As to US adoption and advancement level of the US technology, you'll remember Giff that I blogged about whose behind and whose ahead in telecoms about a year ago, and gave the four major measures of leadership. On data usage - and using SMS as its proxy - the US was behind on this measure (as the US was beyhind on all 3 other measuyres, networks, subscriptoin and handsets). But the SMS usage level is a solid growth and put the US on par with mainstream Europe last year and now on par with European leaders (and still growing).
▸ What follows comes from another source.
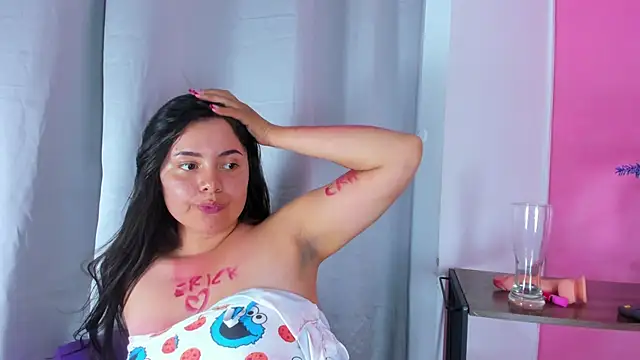 Snapshot of evaa_greey chatting on 01/28/25, 02:32 evaa greey online show from 01/28/25, 02:32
It does not eliminate the lag that the US market has for cellular phone subscriptions (US is at about 90% while Europe is at 110% per capita and the leaders like Hong Kong are at 140% per capita) not 3G adoption (Japan and South Korea are at about 80% migration to 3G) or handsets (as per this article; for US readers - the Europeans already have cameraphones with 12 megapixel resolutions; and both the Nokia N-Series and E-Series have many more models sold in Europe (and Asia) as they offer in America, etc.

So the US is moving up, yes, but the competition is not sitting still. They too are improving and there is a long way to go.

What the US needs most of all, right now, is significant growth and maturity in the carrier/operator space. That is the biggest "bottleneck" for the industry right now.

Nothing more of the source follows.